Children and Education Services Proxy Indicators March 2020 - October 2020
- Meeting of Children and Young People Scrutiny Committee, Wednesday, 2nd December, 2020 10.00 am (Item 52.)
Presentation of the Deputy Director of Children’s Services and the Strategic Lead SEND and School Improvement
This presentation provides proxy indicators in relation to the performance of Children and Education Services.
The Committee received a presentation of the Deputy Director of Children’s Services and the Strategic Lead (SEND and School Improvement) which provided proxy indicators in relation to the performance of Children and Education Services.
The Deputy Director of Children’s Servicesreferred to the main points and themes within the presentation, which included:
· The rate of Children in Need;
· The rate of Child Protection Plans (CPP) and the percentage of children required a second or subsequent CPP; and
· Average Social Worker caseloads.
The Strategic Lead (SEND and School Improvement) provided an overview of the education data within the presentation. She also informed Members about changes to the way school attendance was being recorded, which meant that the attendance figures could not be directly compared to the previous figures. She reported that the Department for Education (DfE) had introduced a new attendance code of ‘X’, which was used if a pupil was self-isolating or a group of pupils had been sent home due to a COVID-19 case within the group. If a pupil tested positive for COVID-19, she advised that they would then be classed as ‘I’ for ill. She reported that pupils with the ‘X’ code were not classed as either present or absent so were excluded from the overall attendance figures. Therefore, she informed Members, while the school attendance rate was 94% overall, only 84% of pupils were present in school.

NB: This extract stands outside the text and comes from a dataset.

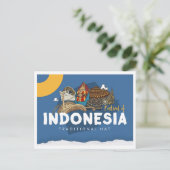 Reise mit traditioneller indonesischer Mütze Postkarte (Stehend Vorderseite)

The Executive Member for Children and Schools informed Members that he had written to the Secretary of State, recommending that national assessments should not take place next year and should be replaced by teachers’ assessments, as some pupils had been required to spend a number of weeks self-isolating while other pupils had not been affected by this. He expressed concern that Manchester children could be disproportionately affected compared to pupils in areas with lower infection rates and also that pupils from less privileged backgrounds would have already been disadvantaged when studying at home during the first lockdown. In response to a question from the Chair, the Executive Member stated that he had not yet received a response to his letter. A Member advised that it was important for Members to lobby on this issue.
A Member commented that, while social workers’ caseloads had increased recently, they were still a significant improvement on the situation a few years ago.
In response to a Member’s question, the Deputy Director of Children’s Services advised that there was no comparator data available on Children Missing from Home.
In response to a Member’s question, the Director of Education advised that the Children Missing from Education referred to in the presentation slides were children whose families had recently applied for a school place, as new families were moving into the area all the time, and they were still in the process of being offered a school place. She advised that some children were offered places through the In Year Fair Access Protocol and, for others, the School Admissions Team would look for the most suitable vacancy for a maximum of four weeks before offering a place. She also advised that, where a child had an Education Health and Care Plan (EHCP), her service had to consult with the school prior to offering the place.
To thank officers for the presentation.